■ **EXTRACTED MATERIAL**:
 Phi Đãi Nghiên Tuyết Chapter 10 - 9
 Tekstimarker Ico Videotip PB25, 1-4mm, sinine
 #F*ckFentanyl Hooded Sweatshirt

==

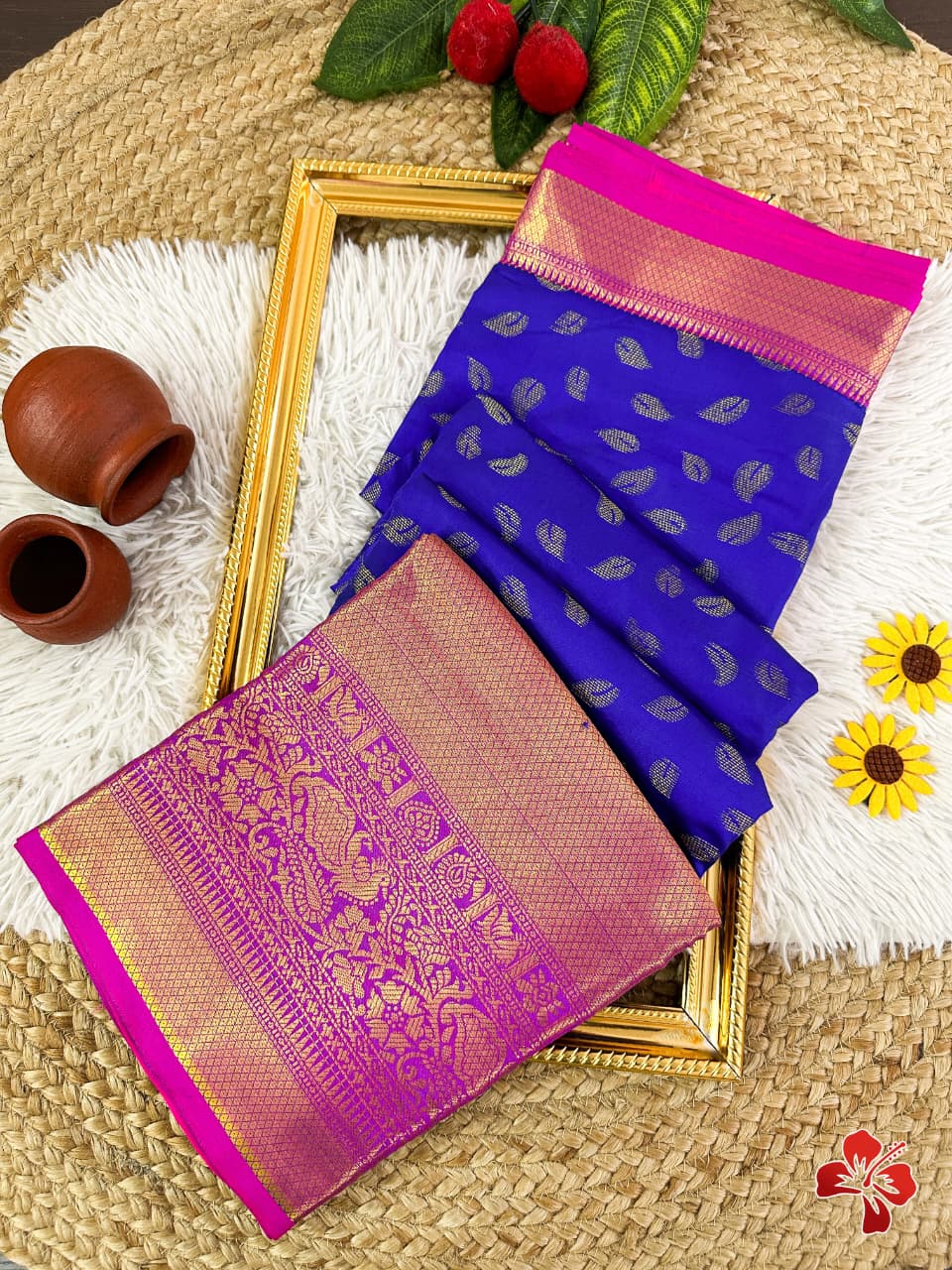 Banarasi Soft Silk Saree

■ **TASK DESCRIPTION**: Retype only the stretch of lines above starting at the one with "Phi Đãi Nghiên Tuyết Chapter 10 - 9" and stopping at the one with "#F*ckFentanyl Hooded Sweatshirt", exactly as written, with both kept.

■ **WRITTEN SOLUTION**:
 Phi Đãi Nghiên Tuyết Chapter 10 - 9
 Tekstimarker Ico Videotip PB25, 1-4mm, sinine
 #F*ckFentanyl Hooded Sweatshirt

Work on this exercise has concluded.